**DIRECTIONS:** With pictures left out, output exactly the lines of the listing below from the line that has "a young boy" to the line that has "Rural landscape with", both lines kept.

**DATA FOR REVIEW:**
__________________________________________________

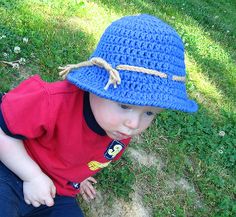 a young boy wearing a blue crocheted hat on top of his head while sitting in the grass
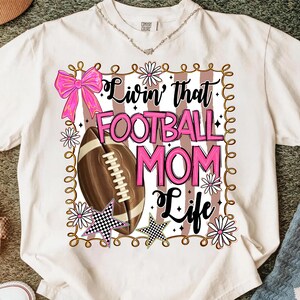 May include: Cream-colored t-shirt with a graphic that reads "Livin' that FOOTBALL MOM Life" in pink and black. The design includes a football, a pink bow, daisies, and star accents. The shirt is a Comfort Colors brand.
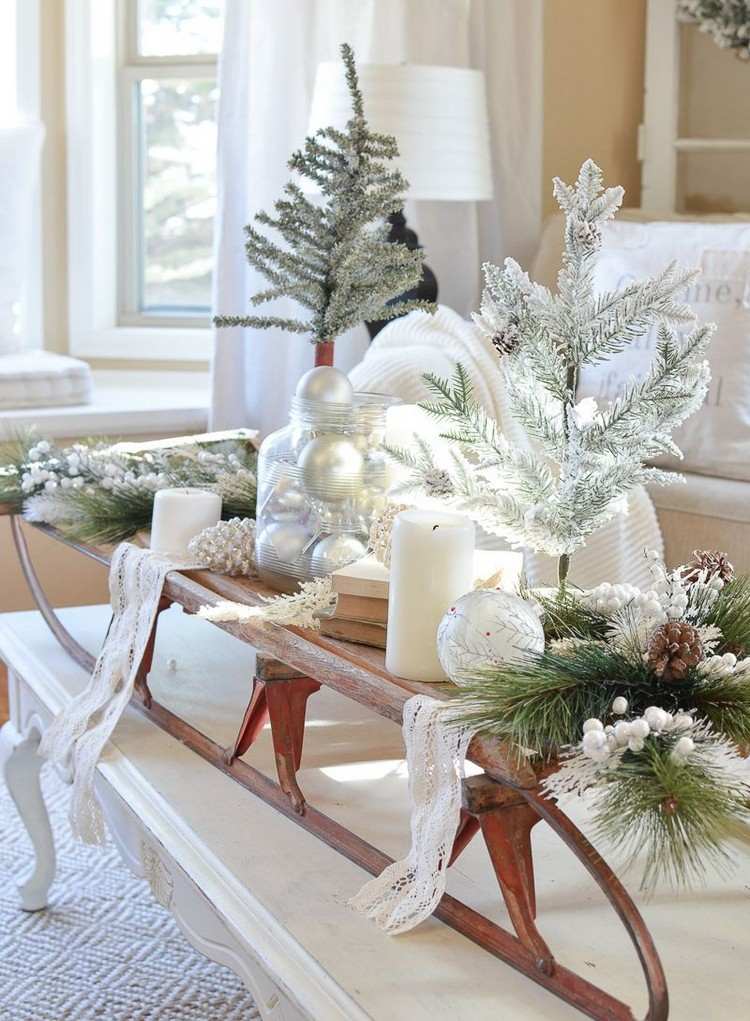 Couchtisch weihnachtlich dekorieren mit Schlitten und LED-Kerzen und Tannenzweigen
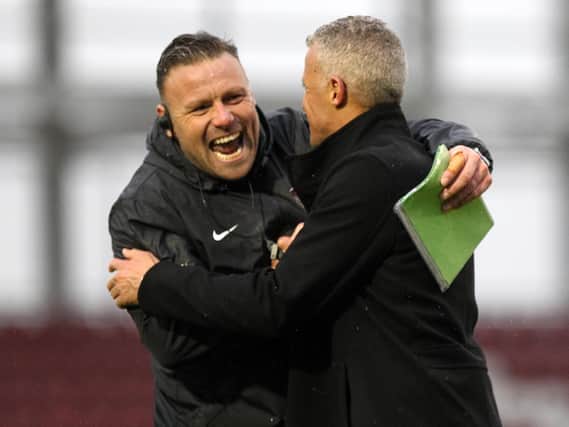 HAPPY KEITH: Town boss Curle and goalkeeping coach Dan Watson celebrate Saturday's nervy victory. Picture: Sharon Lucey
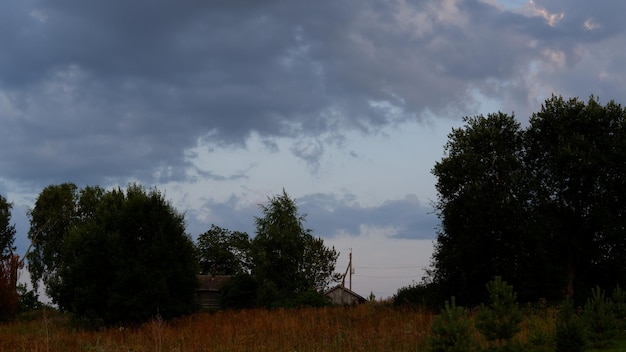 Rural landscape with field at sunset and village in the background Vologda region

__________________________________________________

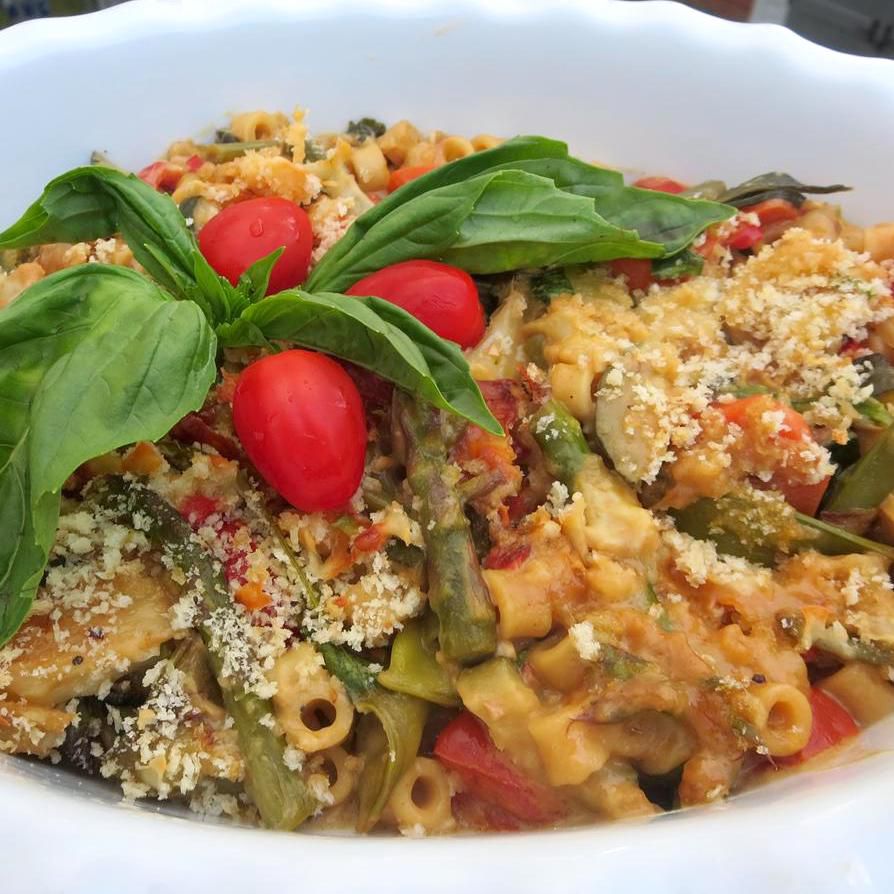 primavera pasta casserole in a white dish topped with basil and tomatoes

__________________________________________________

**TASK RESULT:**
 a young boy wearing a blue crocheted hat on top of his head while sitting in the grass
 May include: Cream-colored t-shirt with a graphic that reads "Livin' that FOOTBALL MOM Life" in pink and black. The design includes a football, a pink bow, daisies, and star accents. The shirt is a Comfort Colors brand.
 Couchtisch weihnachtlich dekorieren mit Schlitten und LED-Kerzen und Tannenzweigen
 HAPPY KEITH: Town boss Curle and goalkeeping coach Dan Watson celebrate Saturday's nervy victory. Picture: Sharon Lucey
 Rural landscape with field at sunset and village in the background Vologda region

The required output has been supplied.